Don’t start the worker, just log in and create (or register) your worker.
docker exec -it kuzco kuzco init
There's also a Kuzco task manager (run.ts
) included in the image, that will monitor for idle messages from Kuzco and restart if too many heartbeats show up with no inference. The runner should also let you run containers headlessly, and pass the logs through to docker logs
:
docker exec -itd kuzco1 bash -c "cd /kuzco_runner && /root/.bun/bin/bun run_kuzco.ts"
WSL2 is far more efficient when running multiple workers, even with the abstraction layer. Reserved Memory (GPU and CPU) stays constant, which is a pretty big bonus.
There's a prebuilt image I can upload soon (I'll let you know on Twitter, that should make one-click download+install a lot easier, and need no setup. Once you have an image you've made (or the prebuilt), you can skip to the second section. For now, you can clone your existing WSL2 setup.
Find the name of your distro (run these in Powershell, not inside WSL2):
wsl -l
Now image it somewhere:
wsl --export <YourDistributionName> KuzcoBuntu
and then import your image (or the prebuilt image) like so:
wsl --import KuzcoBuntu .\KuzcoBuntu-Drive KuzcoBuntu
wsl --distribution KuzcoBuntu
kuzco init
That's pretty much it really.
nvtop is pretty useful on linux systems to check for thrashing. When booting up a worker, you want to pay close attention to these parts:
time=2024-03-13T09:23:35.895Z level=INFO source=images.go:710 msg="total blobs: 15"
time=2024-03-13T09:23:35.896Z level=INFO source=images.go:717 msg="total unused blobs removed: 0"
time=2024-03-13T09:23:35.897Z level=INFO source=routes.go:1019 msg="Listening on [::]:14444 (version 0.1.27)"
time=2024-03-13T09:23:35.897Z level=INFO source=payload_common.go:107 msg="Extracting dynamic libraries..."
time=2024-03-13T09:23:39.881Z level=INFO source=payload_common.go:146 msg="Dynamic LLM libraries [rocm_v6 cpu_avx cuda_v11 cpu_avx2 rocm_v5 cpu]"
time=2024-03-13T09:23:39.881Z level=INFO source=gpu.go:94 msg="Detecting GPU type"
time=2024-03-13T09:23:39.881Z level=INFO source=gpu.go:265 msg="Searching for GPU management library libnvidia-ml.so"
time=2024-03-13T09:23:39.881Z level=INFO source=gpu.go:311 msg="Discovered GPU libraries: [/usr/lib/x86_64-linux-gnu/libnvidia-ml.so.535.113.01]"
time=2024-03-13T09:23:39.888Z level=INFO source=gpu.go:99 msg="Nvidia GPU detected"

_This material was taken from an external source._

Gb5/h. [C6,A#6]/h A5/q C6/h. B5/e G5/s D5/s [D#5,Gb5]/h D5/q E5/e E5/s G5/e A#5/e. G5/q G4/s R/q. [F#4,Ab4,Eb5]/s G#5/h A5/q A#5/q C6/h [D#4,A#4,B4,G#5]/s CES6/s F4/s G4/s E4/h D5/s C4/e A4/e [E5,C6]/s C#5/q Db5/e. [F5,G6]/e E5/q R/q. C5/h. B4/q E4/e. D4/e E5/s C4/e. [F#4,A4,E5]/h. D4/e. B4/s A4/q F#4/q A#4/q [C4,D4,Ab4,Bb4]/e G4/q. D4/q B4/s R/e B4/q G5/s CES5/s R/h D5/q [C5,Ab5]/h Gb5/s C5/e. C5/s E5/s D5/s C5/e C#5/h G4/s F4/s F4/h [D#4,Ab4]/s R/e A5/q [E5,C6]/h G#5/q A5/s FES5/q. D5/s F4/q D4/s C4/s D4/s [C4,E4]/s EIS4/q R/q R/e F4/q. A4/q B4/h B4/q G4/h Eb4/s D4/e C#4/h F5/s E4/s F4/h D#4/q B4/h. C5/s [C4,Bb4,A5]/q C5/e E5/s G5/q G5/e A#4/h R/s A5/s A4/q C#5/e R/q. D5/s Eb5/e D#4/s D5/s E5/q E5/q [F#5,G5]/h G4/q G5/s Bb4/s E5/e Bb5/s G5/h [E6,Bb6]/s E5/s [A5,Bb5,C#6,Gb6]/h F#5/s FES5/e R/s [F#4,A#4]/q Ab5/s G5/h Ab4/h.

time=2024-03-13T09:23:39.888Z level=INFO source=cpu_common.go:11 msg="CPU has AVX2"
time=2024-03-13T09:23:39.893Z level=INFO source=gpu.go:146 msg="CUDA Compute Capability detected: 8.9"

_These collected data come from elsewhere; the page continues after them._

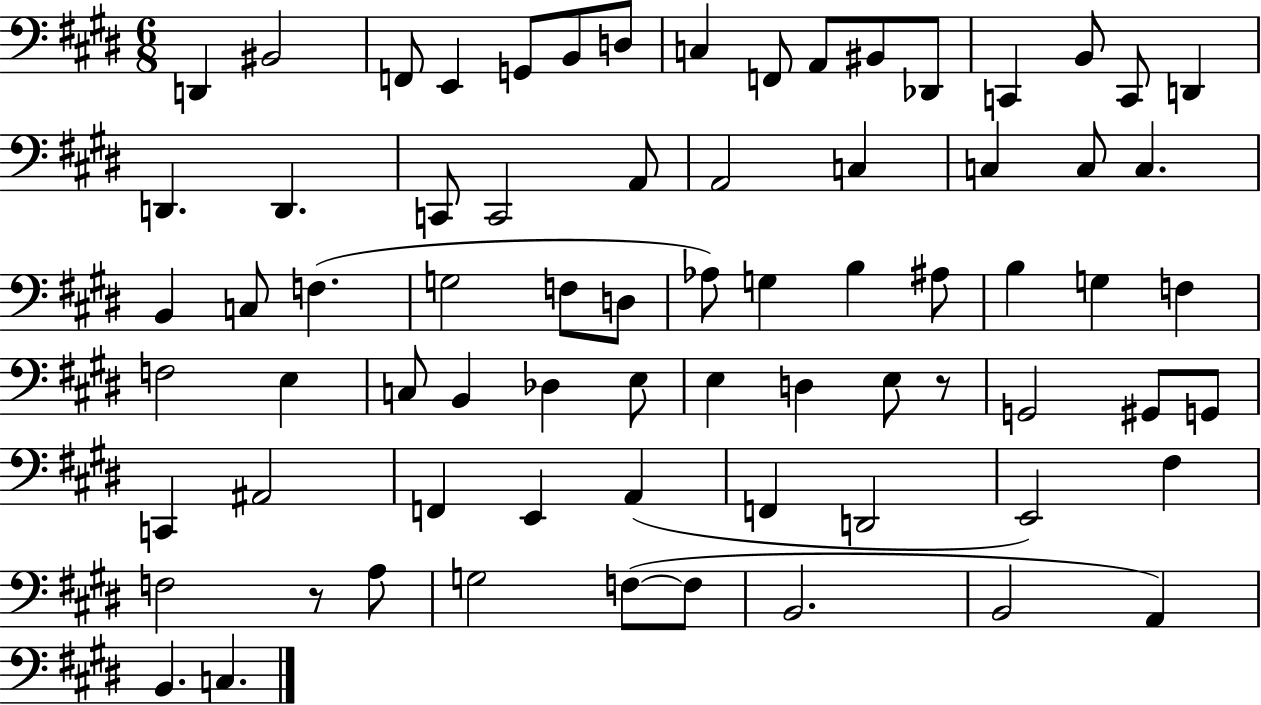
{
  \clef bass
  \numericTimeSignature
  \time 6/8
  \key e \major
  d,4 bis,2 | f,8 e,4 g,8 b,8 d8 | c4 f,8 a,8 bis,8 des,8 | c,4 b,8 c,8 d,4 | \break d,4. d,4. | c,8 c,2 a,8 | a,2 c4 | c4 c8 c4. | \break b,4 c8 f4.( | g2 f8 d8 | aes8) g4 b4 ais8 | b4 g4 f4 | \break f2 e4 | c8 b,4 des4 e8 | e4 d4 e8 r8 | g,2 gis,8 g,8 | \break c,4 ais,2 | f,4 e,4 a,4( | f,4 d,2 | e,2) fis4 | \break f2 r8 a8 | g2 f8~(~ f8 | b,2. | b,2 a,4) | \break b,4. c4. | \bar "|."
}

These should tell you (at the start) whether the right GPUs have been detected, and some early indications of driver issues.
Then wait for inference, and check the ollama (llama.cpp actually) logs to tell you whether the GPUs are actually being used.
time=2024-03-13T09:23:56.791Z level=INFO source=dyn_ext_server.go:90 msg="Loading Dynamic llm server: /tmp/ollama3804676325/cuda_v11/libext_server.so"
time=2024-03-13T09:23:56.791Z level=INFO source=dyn_ext_server.go:150 msg="Initializing llama server"
Cuda 11 is a good place to start if you have driver issues - 12 is still a little unstable for use with ollama but YMMV.
Checking htop
for signs of CPU thrashing is a good way to check if you're not actually using the GPUs.